Closed mwm5945 closed 3 years ago
K8s Version: 1.17.8 Istio Version: 1.2.5 (old i know :D )
A few questions to try to narrow things down:
Could this be something to investigate @mwm5945 https://github.com/SeldonIO/seldon-core/issues/931
I'll take a look at these... though im on vacation next week so it may be a little while :)
Does it happen without the istio sidecar?
yes.
Does it happen also with REST rather than gRPC?

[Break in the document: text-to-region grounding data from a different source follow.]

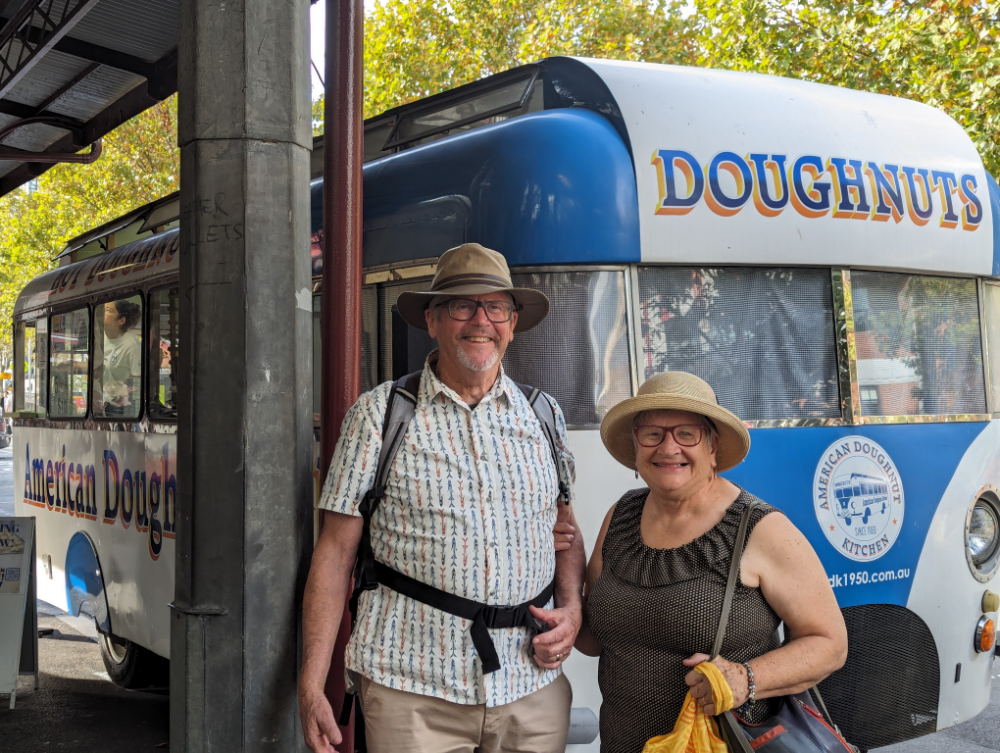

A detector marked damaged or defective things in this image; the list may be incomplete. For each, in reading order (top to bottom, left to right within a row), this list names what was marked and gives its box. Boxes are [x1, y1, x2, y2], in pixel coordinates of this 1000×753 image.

rusty metal post [320, 0, 364, 748]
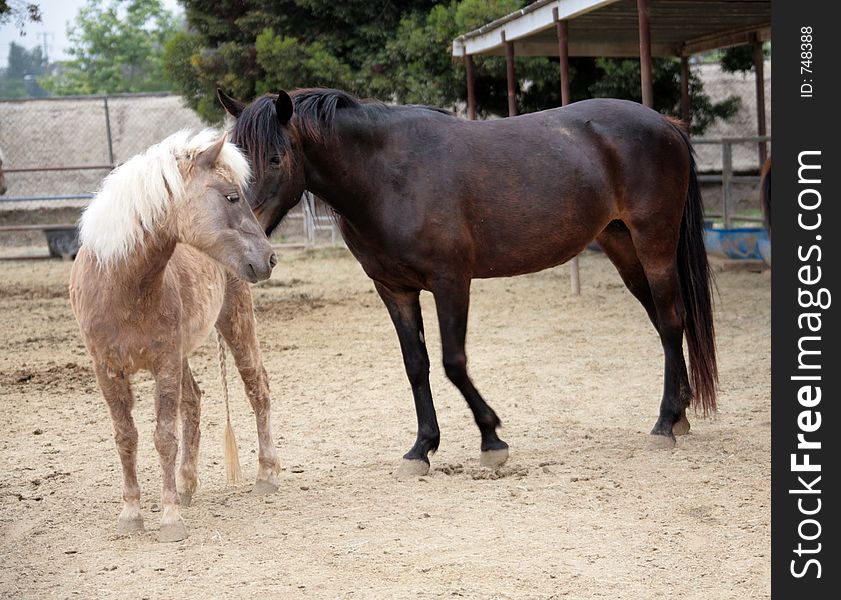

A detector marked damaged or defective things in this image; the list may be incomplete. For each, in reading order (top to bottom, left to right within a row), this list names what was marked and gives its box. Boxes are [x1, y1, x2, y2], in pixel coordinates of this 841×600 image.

rusty metal pole [556, 14, 576, 296]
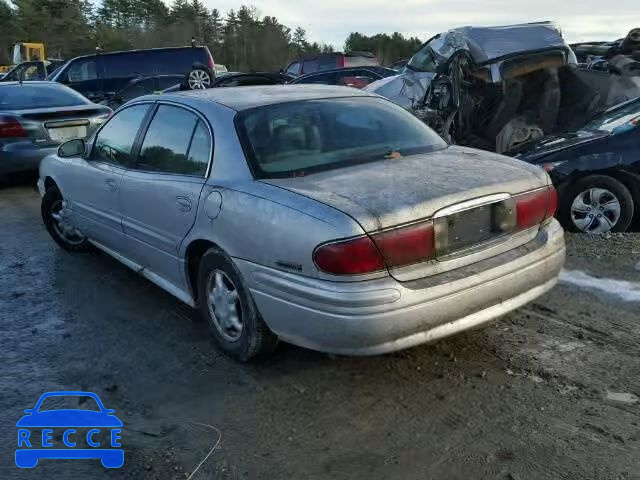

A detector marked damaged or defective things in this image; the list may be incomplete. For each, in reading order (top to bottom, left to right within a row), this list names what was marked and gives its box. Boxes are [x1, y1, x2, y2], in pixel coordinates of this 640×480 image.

crushed vehicle [364, 21, 640, 153]
wrecked car [364, 22, 640, 152]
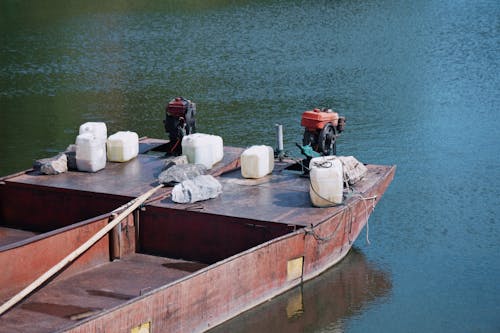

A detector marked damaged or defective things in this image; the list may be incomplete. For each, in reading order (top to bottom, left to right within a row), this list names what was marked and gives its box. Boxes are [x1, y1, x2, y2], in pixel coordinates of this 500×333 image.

rusty metal hull [0, 137, 398, 330]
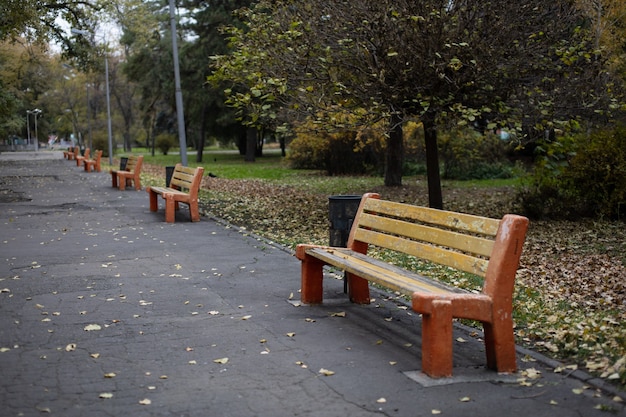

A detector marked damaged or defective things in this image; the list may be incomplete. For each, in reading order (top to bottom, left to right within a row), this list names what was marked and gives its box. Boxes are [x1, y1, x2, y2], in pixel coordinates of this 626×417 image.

cracked pavement [0, 154, 620, 416]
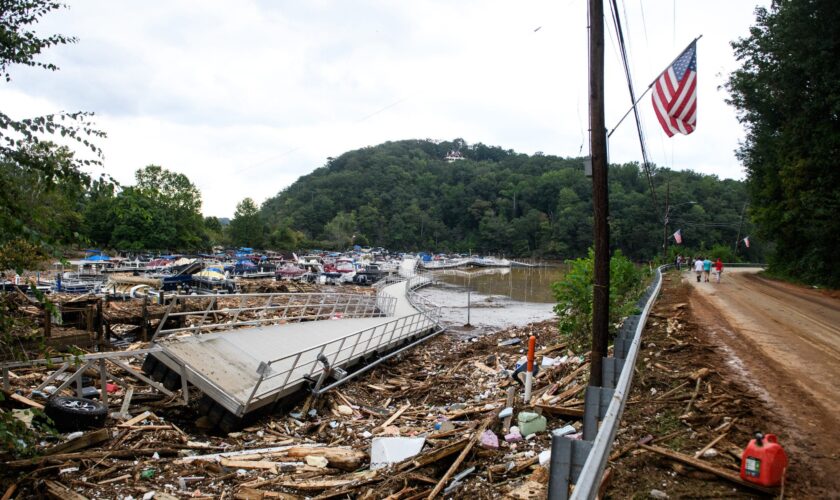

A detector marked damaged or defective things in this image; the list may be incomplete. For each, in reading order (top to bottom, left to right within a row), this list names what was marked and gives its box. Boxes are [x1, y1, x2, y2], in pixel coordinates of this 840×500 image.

broken lumber [640, 446, 776, 496]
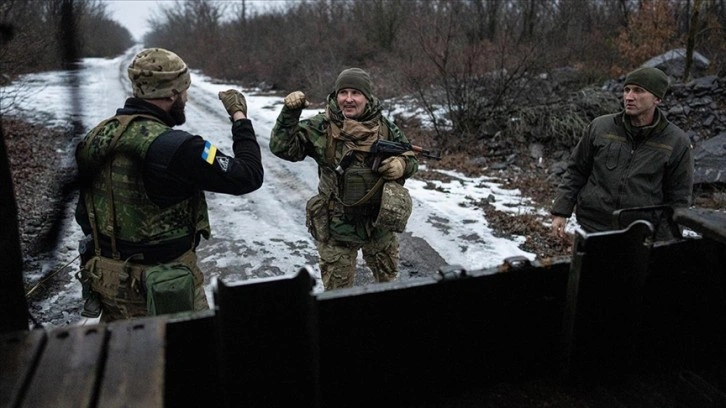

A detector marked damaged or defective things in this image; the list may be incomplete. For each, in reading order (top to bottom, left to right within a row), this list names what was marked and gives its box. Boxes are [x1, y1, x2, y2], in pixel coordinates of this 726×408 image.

rusty metal panel [0, 328, 46, 408]
rusty metal panel [20, 326, 106, 408]
rusty metal panel [95, 318, 165, 408]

We're GRPC throughout--testing with REST would be a bit difficult to be honest since i can't mix protocols like i could with the old engine
Is this under constant high load or does it happen under low load?
high Load
Does it happen with Flask (debug mode) as opposed to Gunicorn?
Since we're using GRPC, this doesn't actually affect anything (See https://github.com/SeldonIO/seldon-core/issues/3238)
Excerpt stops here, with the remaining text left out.